Keystone/ Associated Press/ Vadim Ghirda, recita il copyright di una foto sul web di un anno fa. Tu hai forse otto anni, la tua faccia dietro al finestrino di un bus, appannato dal vapore, è bellissima. I capelli scuri, ben pettinati l’altro ieri dalla mamma, già dopo due giorni di abbandono ti sfuggono sulla fronte. Che occhi: scuri, seri, occhi in un giorno diventati da adulta. Chi ti volti a guardare, mentre il pullman si muove? Tuo padre, tuo fratello?
Ti stanno portando via dall’Ucraina, chissà per dove. Vi hanno preso in tanti all’alba, assonnati, in un rifugio: soltanto bambini. Tu non ti alzavi da terra, un soldato russo con il mitra a tracollo ti ha fatto cenno: ubbidisci. La faccia di tua madre, che ha cercato di fermarti. L’urlo del soldato con il mitra levato. Tua madre ha dovuto lasciarti andare.

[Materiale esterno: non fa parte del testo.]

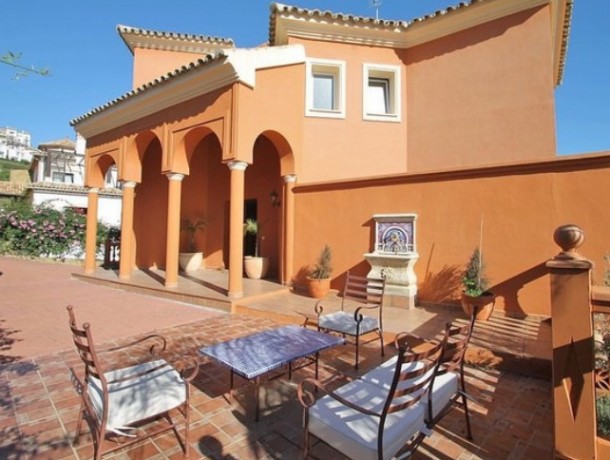 Villa for sale in Los Arqueros, Marbella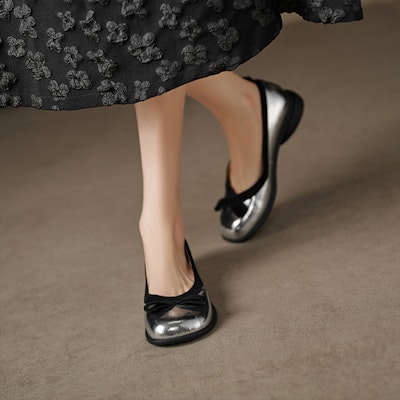 (Women) Luiza Barcelos Round Toe Ballet Flat 'Silver Black' X901982 Lookbook (Women) Luiza Barcelos Round Toe Ballet Flat 'Silver Black' X901982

Tu non hai ancora capito bene. Sul pullman vi ordinano in russo di stare buoni. Allora, siccome comunque hai 8 anni, per passare il tempo hai disegnato un girotondo di omini con le dita, sul finestrino appannato. Ma parte il pullman, alzando una polvere di macerie.
È passato adesso quasi un anno, da quando ti hanno rubato. Dove sei? Dov’è tua madre? La finestra della casa dei tuoi “genitori” russi dà su una strada solitaria. Tu stai ore affacciata al davanzale, ma non arriva nessuno.